Witaj, Jagno. Jestem nowa na forum, a Twój wątek odwiedziłam jako jeden z pierwszych (pierwszy był oczywiście wątek Danusi). ale - w przeciwieństwie do wątku Danusi - Twój przeczytałam w całości, jednym tchem.
Cudowna historia, trochę jak bajka o Kopciuszku (w której dobrą wróżką jest Danusia). Ale przede wszystkim historia o dzielnej, odważnej i pracowitej kobiecie. I historia ogrodu, który
będzie.
Trzymam kciuki, Jagno i podziwiam.
Nie zazdroszczę Ci projektu Danusi, ale szczerze przyznaję - zazdroszczę tych skarbów które znalazłaś.
I dzięki za instruktaż (ze zdjęciami) ukorzeniania sadzonek.
Warzywnik rewelacyjny. Bukszpaniki też. Zachęciłaś mnie do podjęcia próby ukorzenienia moich "ścinków".

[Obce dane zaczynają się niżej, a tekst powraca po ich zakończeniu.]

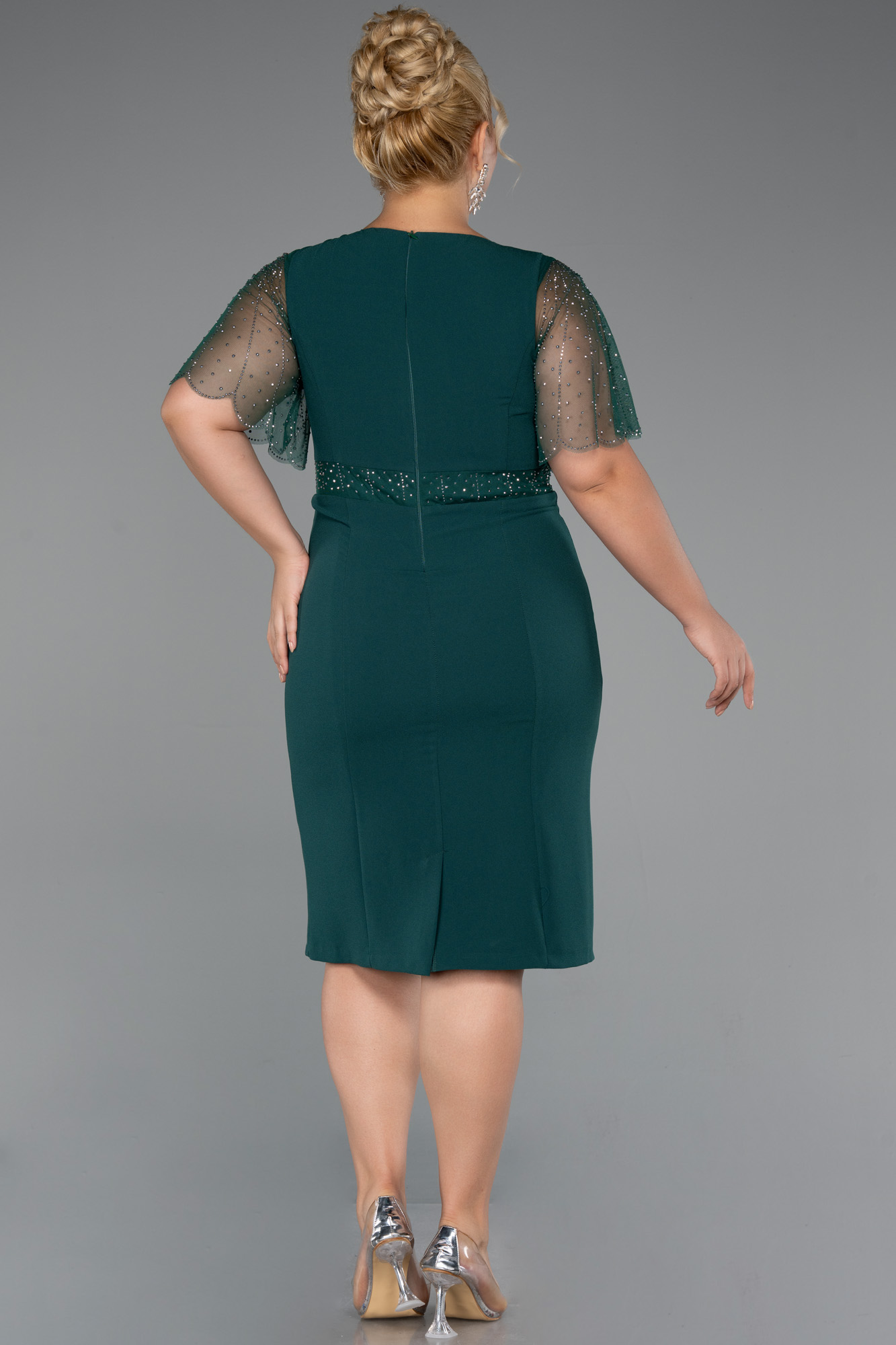 Zümrüt Yeşili Kısa Kol Midi Büyük Beden Davet Elbisesi ABK2381 - Görsel 2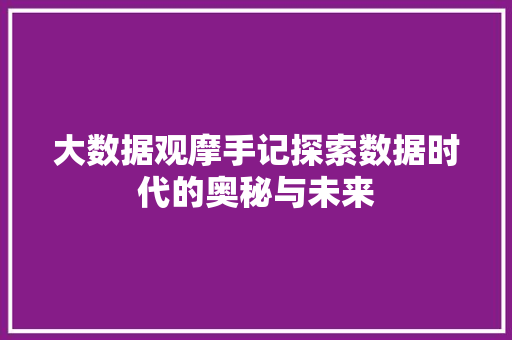 大数据观摩手记探索数据时代的奥秘与未来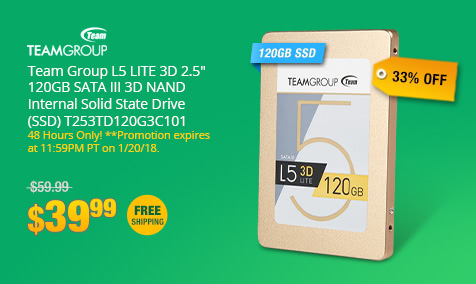 Team Group L5 LITE 3D 2.5" 120GB SATA III 3D NAND Internal Solid State Drive (SSD) T253TD120G3C101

Powodzenia, będę tu zaglądać.
PS. Mam nadzieję, że Gospodyni Ogrodowiska wybaczy mi, że najpierw wpisuję się do Twojego wątku, przed przywitaniem się z Nią, ale naprawdę nie mogłam się powstrzymać. Zauroczyła mnie historia powstawania - na naszych oczach - Twojego przyszłego ogrodu.